All of the lines below are to be transcribed faithfully, with pictures excluded from the copy.

> COLLECTED MATERIAL
——

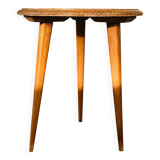 Guéridon tripod avec pieds fuselés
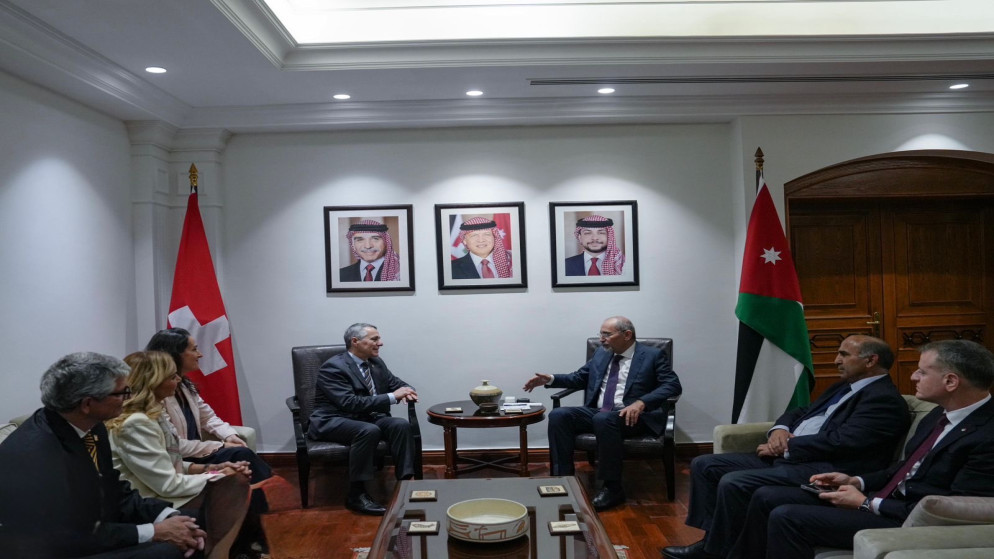 نائب رئيس الوزراء ووزير الخارجية وشؤون المغتربين أيمن الصفدي يجري مباحثات موسّعة مع وزير خارجية الاتحاد السويسري إيغنازيو كاسيس في مقر الوزارة.
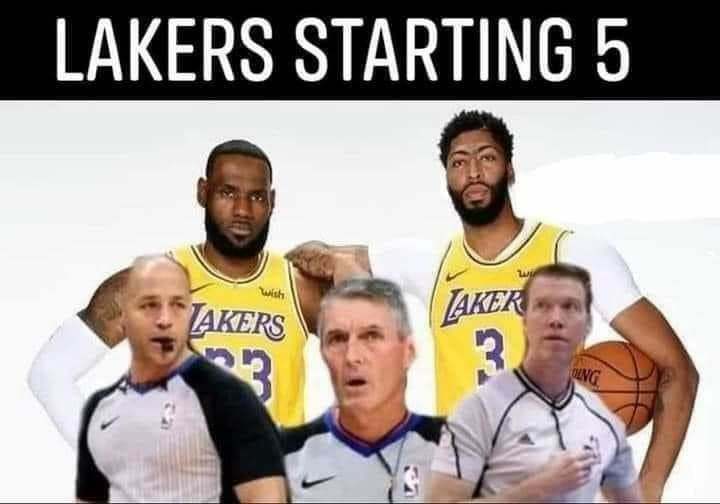 裁判承认误判曼联,施罗德两次技术犯规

——

> RESPONSE
 Guéridon tripod avec pieds fuselés
 نائب رئيس الوزراء ووزير الخارجية وشؤون المغتربين أيمن الصفدي يجري مباحثات موسّعة مع وزير خارجية الاتحاد السويسري إيغنازيو كاسيس في مقر الوزارة.
 裁判承认误判曼联,施罗德两次技术犯规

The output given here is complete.